# Plumber Student/Apprentice to move to Canada



## bapler (Jan 14, 2011)

Hi There

I need some help and advice please. I am South African, have lived in the UK for the past 10 years. I am currently doing a course to become a qualified plumber in the UK. City & Guilds Lvl 2 Cert (6129) Also I am about to start an apprentice job with a UK plumber as I thought getting some experience while I am studying would be a good idea. 

My Canadian wife, has been offered a job in Toronto, and the chances of us moving over to Canada for her to start by the 1st of July 2011 is pretty good.

So I wanted to know how far will the UK plumbing qualification get me in Canada. Taking into consideration that I have very little experience working as a plumber. Would I need to do a different qualification once I arrive in Canada to be able to work as a plumber? 

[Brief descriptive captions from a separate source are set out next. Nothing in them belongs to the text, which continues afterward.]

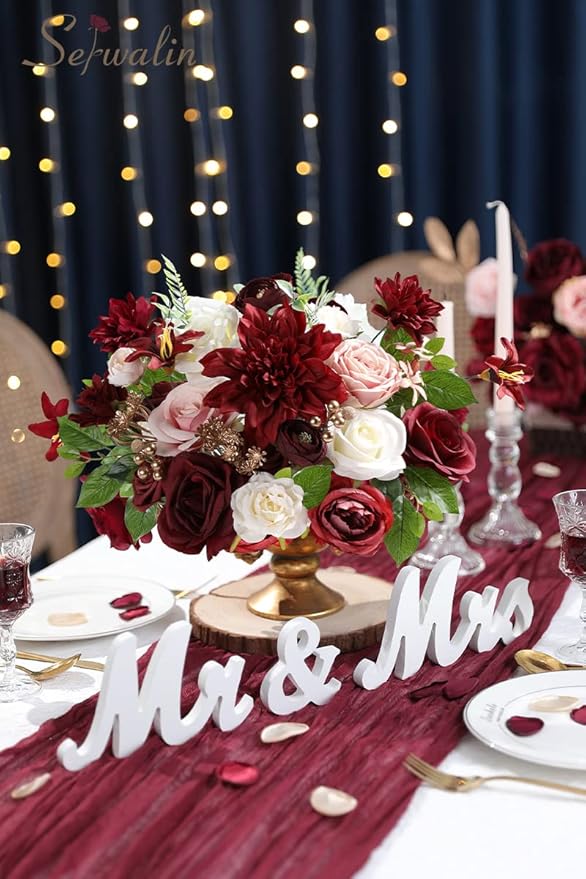 Serwalin Artificial Flowers, Burgundy Pink Flowers Fake Silk Flowers for DIY Wedding Bridal Bouquets, Wedding Cake Flowers for Table Centerpieces Bridal Shower Birthday Party Home Fall Decor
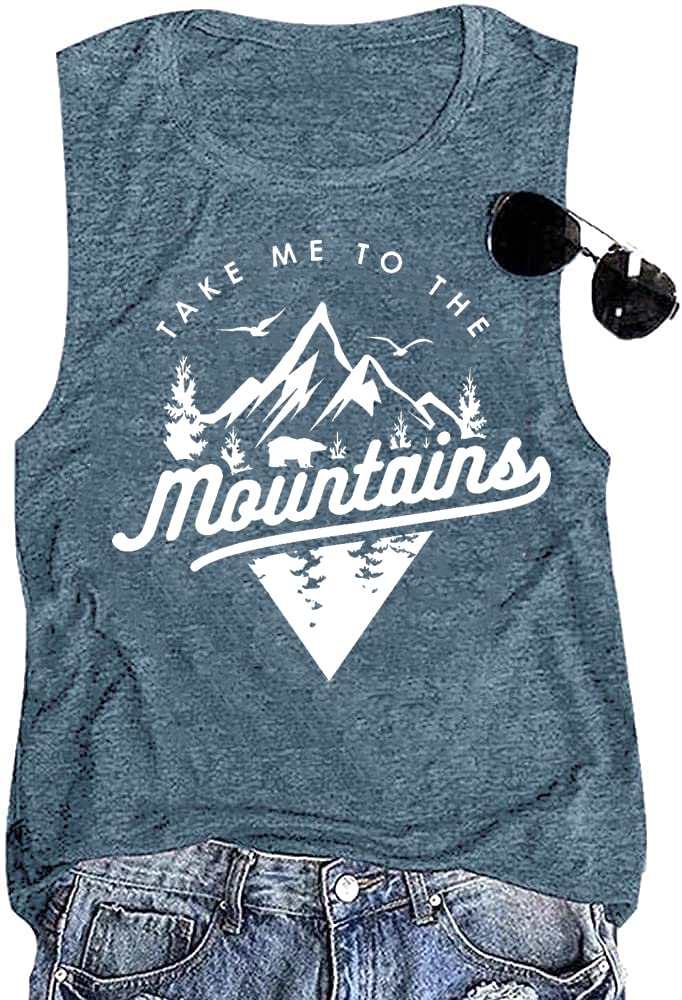 Women's Vacation Adventure Tank Top - Mountain Nature Scenery & Animal Graphic Sleeveless Shirt for Summer Hiking & Outdoor Travel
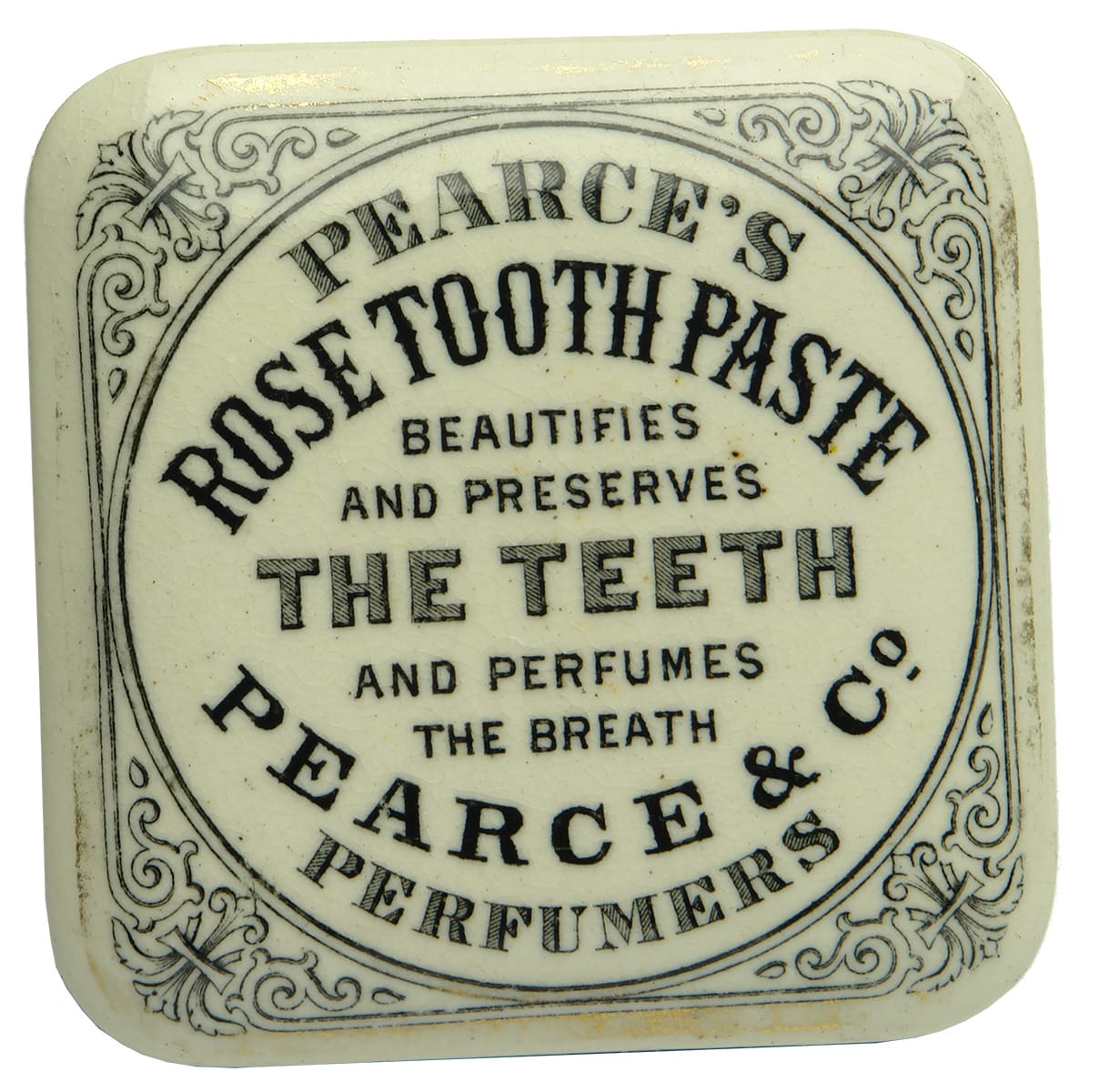 Pearce's Rose Tooth Paste Antique Pot Lid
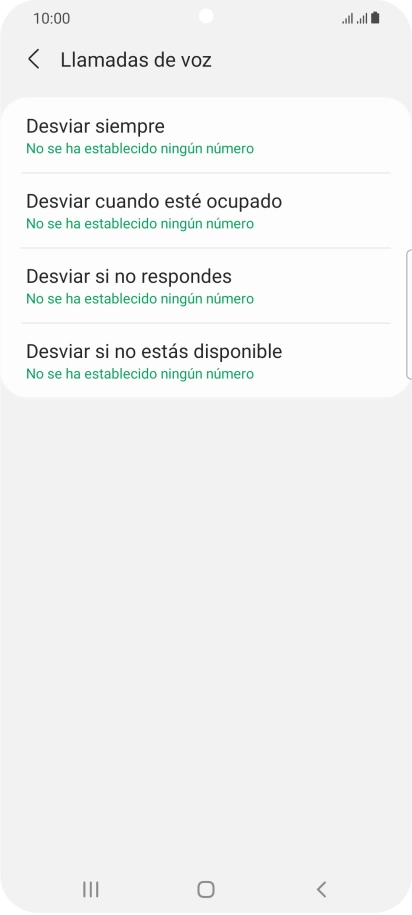 Pulsa el tipo de desvío deseado.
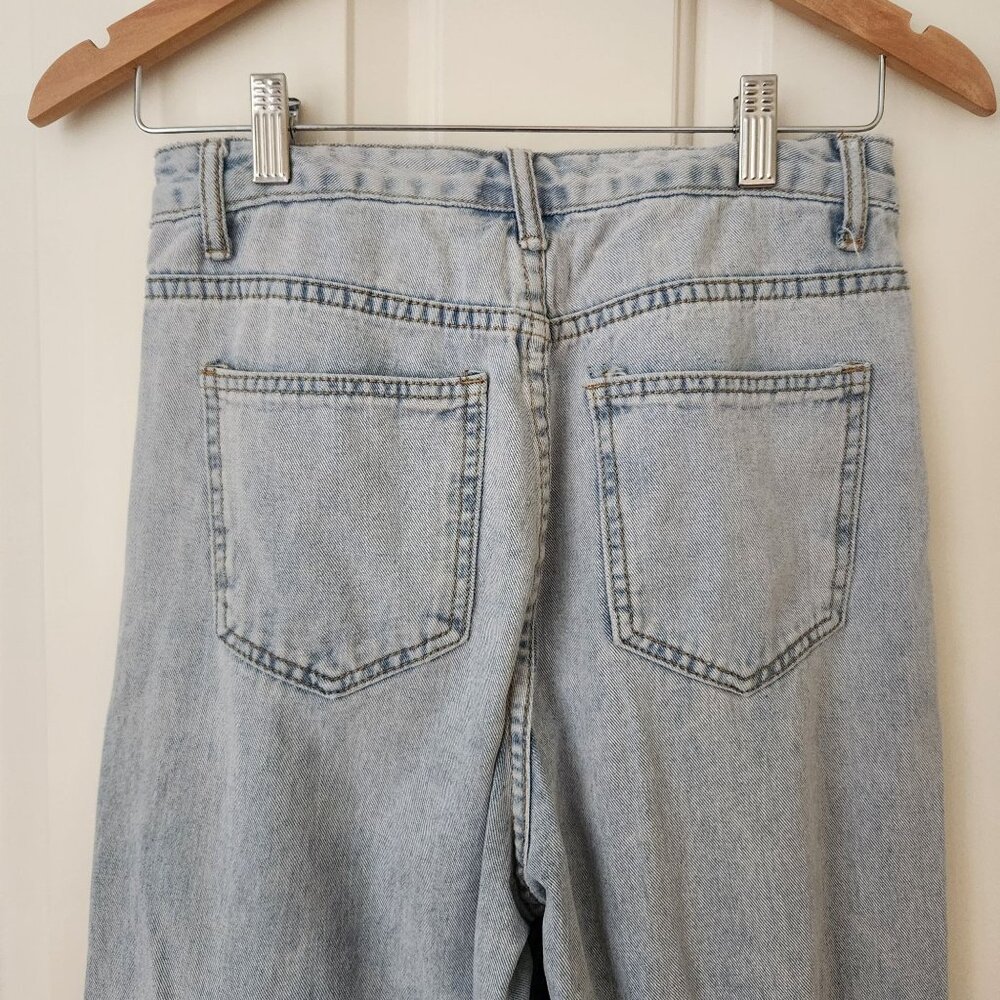Shein Butterfly Print Light Wash Wide-Leg Jeans Boho Fairy Cottagecore Cute - Picture 5 of 11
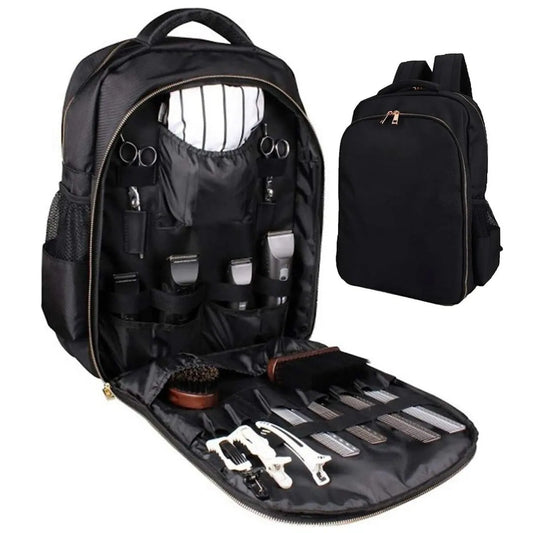 Black grooming backpack with open compartments on a white background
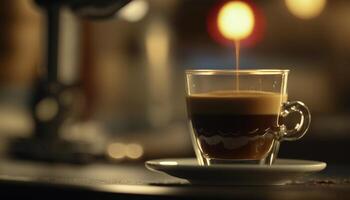 das Aroma von Italienisch Espresso im ein Tasse ai generiert foto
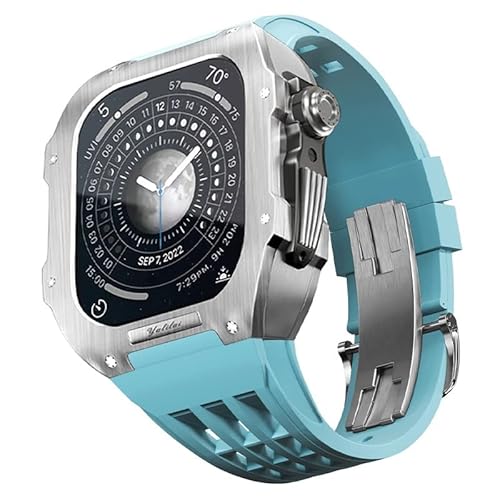 KANUZ Gummiarmband, Metalllünette für iWatch SE/4/5/6/7/8, Apple Mod Watch-Zubehör, Ersatz-Edelstahlgehäuse für SE, Apple-Serie, 44 mm, 45 mm (Farbe: Blau, Größe: 44 mm)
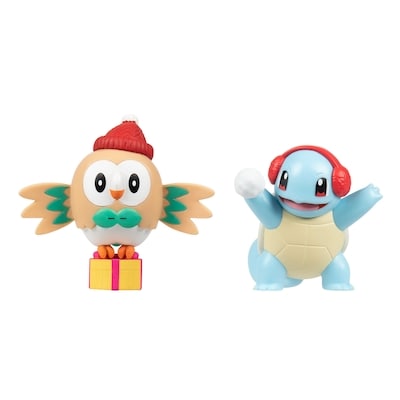 Holiday Squirtle #2 (Snowball Fight) & Holiday Rowlet (Present & Hat) 2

Any advice will be appreciated. Thanks!


----------



## Auld Yin (Mar 10, 2009)

bapler said:


> Hi There
> 
> I need some help and advice please. I am South African, have lived in the UK for the past 10 years. I am currently doing a course to become a qualified plumber in the UK. City & Guilds Lvl 2 Cert (6129) Also I am about to start an apprentice job with a UK plumber as I thought getting some experience while I am studying would be a good idea.
> 
> ...


Yes you would need to do the Red Seal test to get the necessary license to practice the trade in Canada. For Ontario you should read:-

Home / Red Seal
Ontario Red Seal Plumbing Exam.... - Plumbing Zone - Professional Plumbers Forum


----------



## bapler (Jan 14, 2011)

Ok, Thanks, I will check that out.


----------